Even worse, and even if the family’s trusted advisors are seen as neutral, the governance structures are perceived as politicized, controlled by an individual, a generation or a branch. So, family beneficiaries and owners don’t trust the structures and subsequently don’t use them for the most important functions: cross-generational and cross-branch communication. Tensions mount because the most important conversations aren’t happening.

What’s Missing?

When we see this situation in our practice, we ask: What purpose should be served by the governance processes? What were these structures and practices set up to achieve? In many cases, we can look back to an earlier time and see that governance was designed to serve a purpose defined by the prior generation. In the example above (and in many other family enterprises), the real purpose of governance (meaning, the underlying emotional purpose) is to reassure the patriarch that the family will stay together.

The problem is, when a family owner group gets larger and more diverse, the purpose of governance – and of collective ownership – is defined quite differently by each family owner. At this stage, no one person has the patriarchal authority to say what the purpose is, and if someone tries, others see these statements as political, serving the generational or branch interests of the speaker. What we see, of course, is that family dynamics influence how purpose is expressed and taken up. In the face of a generational transition, purpose (and in turn, governance) needs to be redefined and so re-energized.

Let’s be clear: These families often retain a sense of connectedness even if they feel alienated from the governance structures that are supposed to facilitate their collective ownership of the business. The spark is still there. They may enjoy each other’s company. They may feel loyal to the business, to the employees and executives and to the customers. They almost always revere the family business history and legacy.

But, these feelings rarely generate a connection or sense of common purpose strong enough to align the family’s diverse interests.

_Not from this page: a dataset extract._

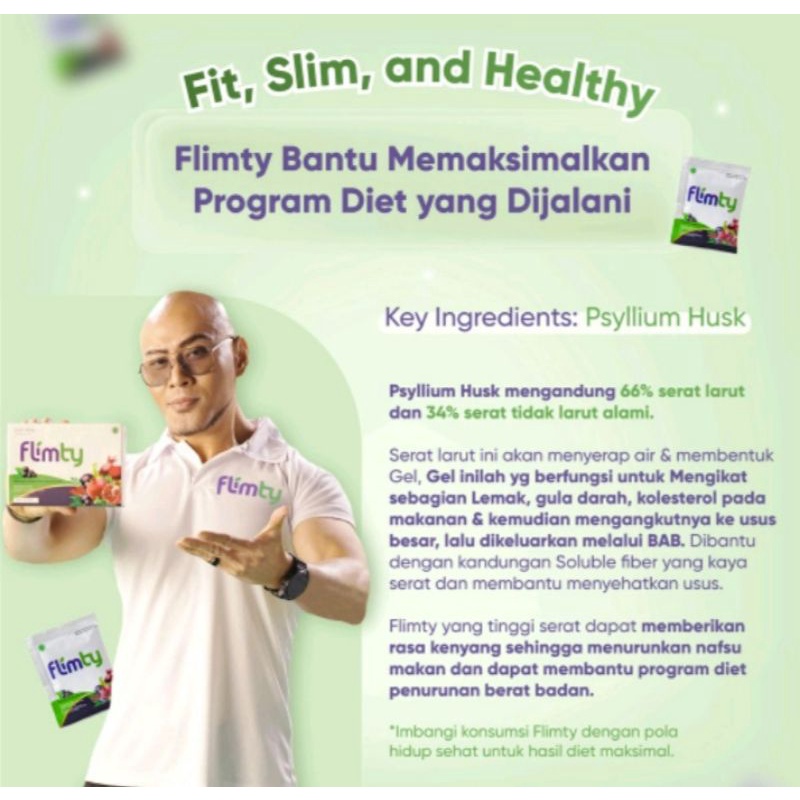 Paket Flimty 1 Box (16 Sachet) dan Flimeal 1 Box (12 Sachet) BPOM Pelangsing Original 100℅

What they’ve lost is the compelling reason to exercise the discipline of governance when that discipline might create conflict. They wonder if doing what’s best for the whole (the business, the family) will be what’s best for themselves and their families. They certainly don’t have the confidence that the structures are strong enough to survive a direct expression of the different interests within the owner group. As a result, without parental referees, many family groups disengage to get along. But, there’s hope for families who are locked in empty structures, and advisors can play a critical role in helping them find a way forward.

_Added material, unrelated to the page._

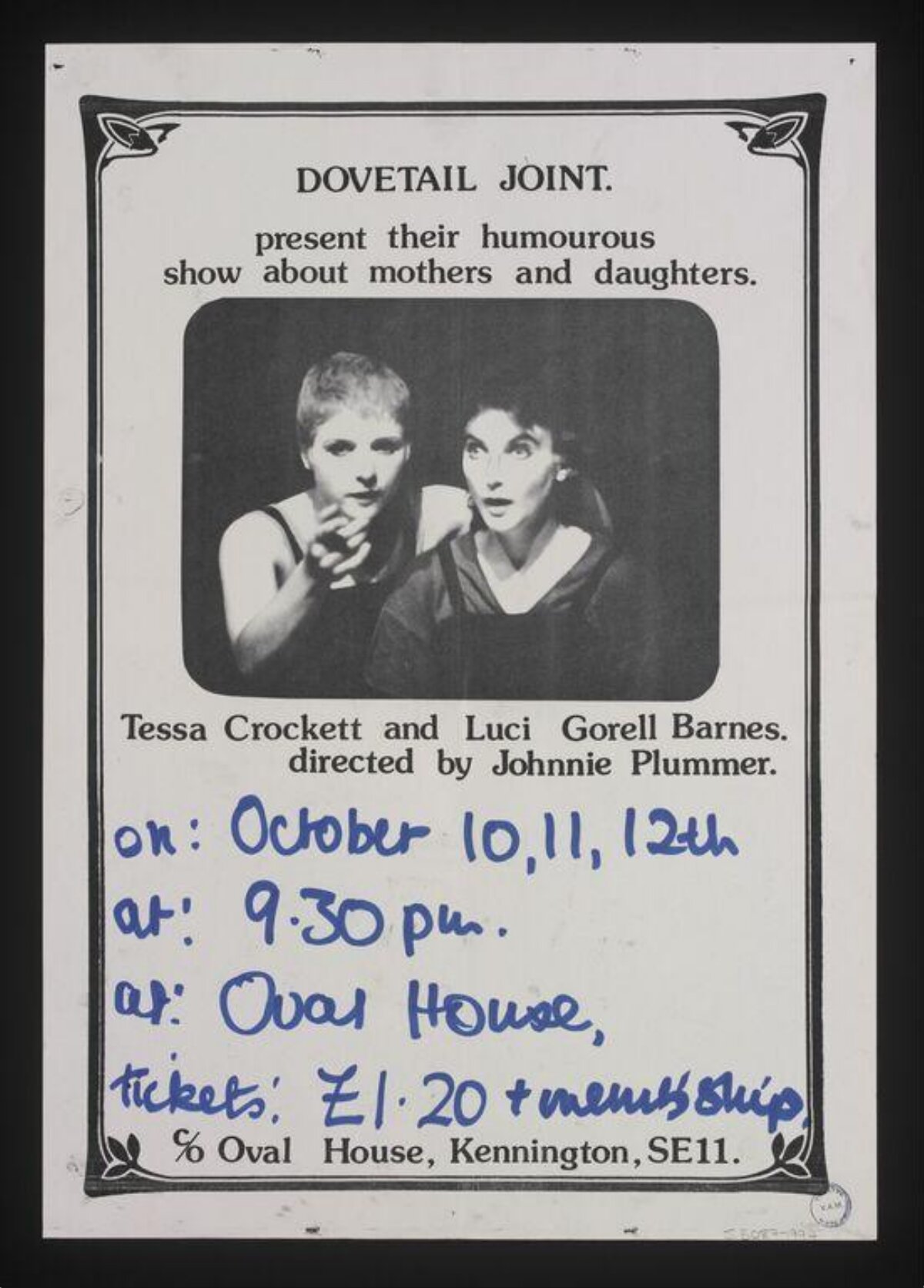 Dovetail Joint Theatre Show Poster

Identifying an Empty Structure

Even when advisors have thought through and meticulously prepared governance and shareholder documents, it doesn’t always follow that the structures and processes that have been set up will actually work for the family in practice. Don’t assume just because there might be a family or ownership council in place that the group is functioning well. Advisors can play an important role in recognizing empty structures and setting the family on a more productive course:

  1. Ask each entity within the existing governance groups to self-assess at least annually. Some questions to consider include:
  • Is the structure sustainable?
  • Are discussions candid and direct?
  • Do pre- or post-meetings dominate decision making?
  • Are heart-of-the-matter issues addressed or punted to future sessions?
  • Is now the time for leadership to turn over? Is there a mechanism in place for that to happen?
  1. Ask stakeholders about how satisfied they are that the current governance is meeting their needs. In addition, pay close attention to the conversations about these issues among the family stakeholders. Informal and private conversations can often surface tensions that aren’t addressed in broader groups.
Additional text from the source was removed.